G âzi 'nin Diyap Ağa 'yla fotoğrafı şahânedir: Anadolu Kürtlüğü'nün İstiklâl Savaşı 'nda Müdafaa-i Hukuk Cephesi' nde olduğunun resmidir; onun içindir ki, Lausanne 'da Kürtler 'azınlık' sayılmaz, Cumhuriyet' in sahibi sayılırlar: bu, bir 'zaruret' değil miydi? Müdafaa-i Hukuk' un Kürt asıllı mücahitleri, 'Gazi Paşa' nın yanında vuruşmakla; onlara 'muhayyel' bir 'Kürt Devleti' vaat eden Sevres Muahedesi 'ne 'karşı çıkmış' olmuyorlar mıydı? İstiklâl Savaşı ve Türkiye Cumhuriyeti, Anadolu 'daki her çeşit halkın, emperyalizm'e karşı ortaklaşa direnişidir; İstanbul 'da nasıl Emperyalizm'den yana Türkler -bu arada Halife/Padişah- varsa; Sevres 'e destek çıkan Kürtler de vardı: Kürt Teâli Cemiyeti , o muahedenin vaat ettiği Kürdistan hayâlini görür. Peki bunca yıl sonra, PKK 'nin gördüğü hayal nedir, Sevres'in hayâli değil mi?

İyi de 'tesadüfler' e ne demeli? Şöyle yüzeysel bakarsan, Anadolu Kürtleri, ortak sahibi oldukları cumhuriyete, en az üç kere isyan etmişlerdir: Şeyh Sait, Dersim, PKK! Ama hayret bir şey, bu isyanların her biri, Türkiye Cumhuriyeti 'nin bölgede 'bayrak gösterdiği' bir zamana 'tesadüf' eder: Şeyh Sait, Ankara 'nın Musul petrolü üzerindeki 'hukukunu müdafaa ettiği' zaman, Şeriat adına ayaklanır. Söylemişimdir: Dersim İsyanı, Türkiye' nin Hatay 'da 'bayrak gösterdiği -göstermekle kalmayıp, bayrak diktiği- döneme 'tesadüf' eder. PKK 'nin 'silahlı eylem' de karar kılması ise 1974' dedir; aksi 'tesadüf' , -uluslararası anlaşmalara dayanarak- Türkiye 'nin Kıbrıs 'ta 'bayrak göstermesi' de, aynı tarihtedir. Elbette bu 'tesadüfler' , bir 'zaruret' in ifadesi; fakat o 'zaruret' , Anadolu ahalisini esaretten kurtaran Lausanne 'ın değil; bütün petrol (ve su) coğrafyasını 'denetimine almak' , niyet ve hevesindeki Sevres' in bir 'zarureti' !..
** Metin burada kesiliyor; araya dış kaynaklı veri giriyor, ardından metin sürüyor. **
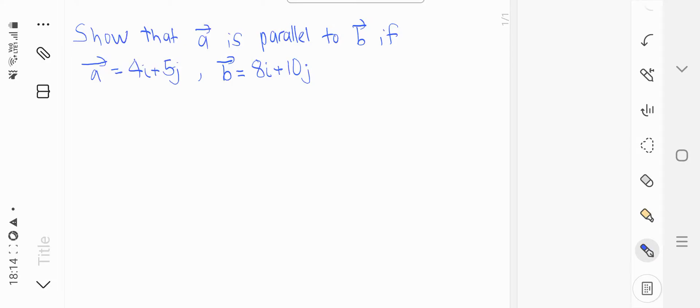Hi everyone, in this video we are going to prove if two vectors are parallel to each other.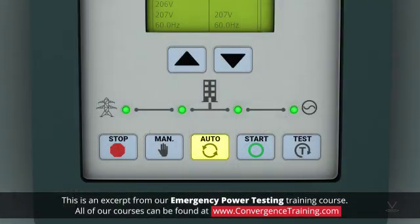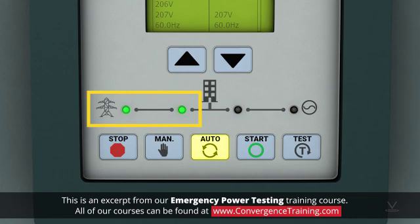They will monitor whether the utility-supplied power has been restored and has stabilized, and will automatically switch back from the generator to the utility supply. Then, if there is no instability in the utility power, they will turn the generator off.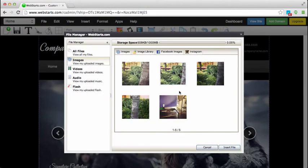If you're already logged in to your Instagram account like I am, then your photos will immediately appear in your file manager and you will be able to access those and add them to your website.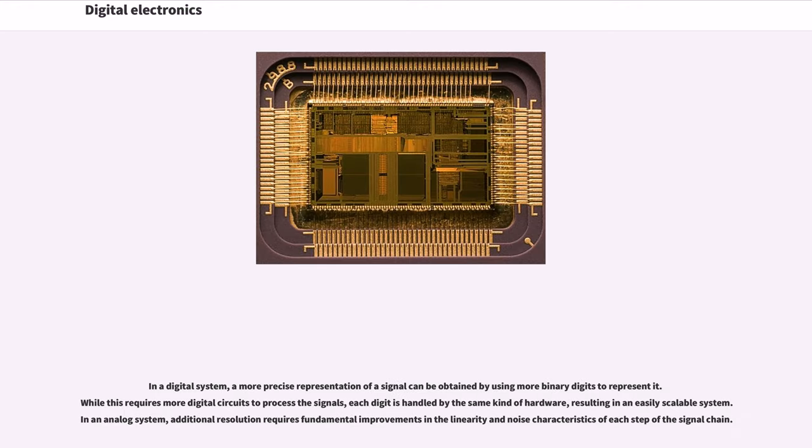In a digital system, a more precise representation of a signal can be obtained by using more binary digits to represent it. While this requires more digital circuits to process the signals, each digit is handled by the same kind of hardware, resulting in an easily scalable system.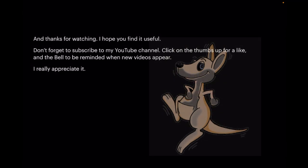Don't forget to subscribe to my YouTube channel. Click on the thumbs up for a like. And the bell. To be reminded when new videos appear, I really appreciate it. Clicking the thumbs up for a like helps me count the number of views on my channel. It's really appreciated.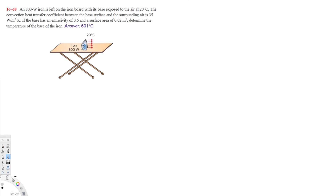Hey, what's going on guys? Let's do this problem. The question is asking: an 800-watt iron is left on the iron board with its base exposed to air at 20 degrees Celsius. The convection heat transfer coefficient between the base surface and the surrounding air is 35 watts per meter squared Kelvin. If the base has an emissivity of 0.6 and a surface area of 0.02 meter squared, determine the temperature of the base of the iron. This is related to convection and radiation.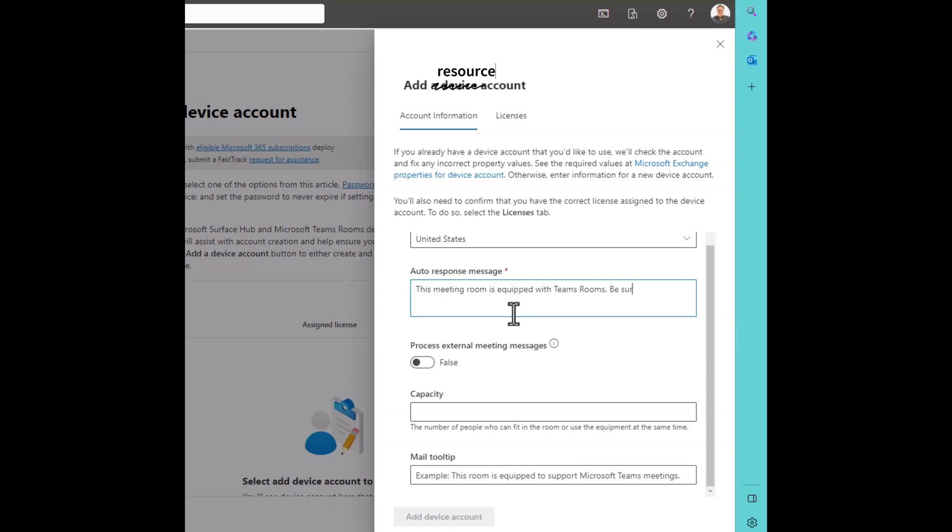Be sure to make this meeting invite a Teams meeting enabled invite, or something along those lines. Process external meeting messages. I'm going to set this to true.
PKK' nin uğradığı yenilgi, somut olarak, elbette ki Türkiye 'deki Kürtlerin, Lausanne' a sahip çıktığını gösteriyor; yâni yurtlarına ve tarihlerine! İyi de Ankara bölgede 'Türk süngülerinin çizdiği sınırlara' dayanır, Irak 'ın toprak bütünlüğüne arka çıkar; Ortadoğu 'da, Kafkaslar 'da ve Azerbaycan 'da 'bayrak gösterir' se, acaba bu 'karşılıksız' bırakılır mı?

'Tesadüfün' de bu kadarı?..

7 0'li yıllarda gösterilen filmin, yeniden yurt sinemalarında gösterilmeye başlaması, bu sorunun cevabı sayılmaz mı? 'Tesadüfler' şaşılacak bir düzen içinde, birbirini izliyor: ''20 Eylül 1999: Bayrampaşa'da Çatışma: 6 Ölü./ 26 Eylül 1999: Ulucanlar Cezaevi'nde isyan ve çatışma: 7 Ölü!/ 6 Ekim 1999: Adana'da Polis'in yanlış bir evde çat kapı ateş açması: 1 Ölü/ Aynı tarihte, İstanbul'daki üniversitelerde, odağı Marmara Üniversitesi'nde olan, Türban Eylemleri ve Olayları/ 21 Ekim 1999: A.Taner Kışlalı'nın öldürülmesi...'' (Milliyet, 22 Ekim 1999)

Günahı boynuna, İP Genel Başkanı Doğu Perinçek, 23 Ekim 1999'da o cinayetle ilgili olarak şunları söylemesin mi? Yâni, 'tesadüf' dediğin de bu kadar olur:

''... kullanılan bombanın malzemesi, Pentagon'un 'özel izniyle' Türkiye'ye getirilebiliyor. Bu bomba Türkiye'de ancak ABD ve NATO'nun üç üssünde bulunan malzemeyle imal edilebiliyor. Bombanın hazırlanmasında ABD Özel Kuvvetler Komutanlığı'nın kılavuzuna dayanılıyor. Bombayı ancak özel eğitimden geçirilen elemanlar yerleştirebiliyor...''

''...suikastı çözmek için ip ucu hazırdır: gerçekler Denizer Cinayeti dosyasına, ifadesi bazı değişiklikler yapılarak konulmuş olan sürpriz tanıkta saklıdır. İfadesinde bir dizi cinayeti haber vermektedir. Denizer'den sonra, Kemalist bir aydının öldürüleceğini açıklamıştır...'' (Milliyet, 24 Ekim 1999)

Evet, Jacques Monod' 'nin dediği gibi, 'tesadüfler' ve 'zaruretler' ... söylenecek başka ne kalıyor?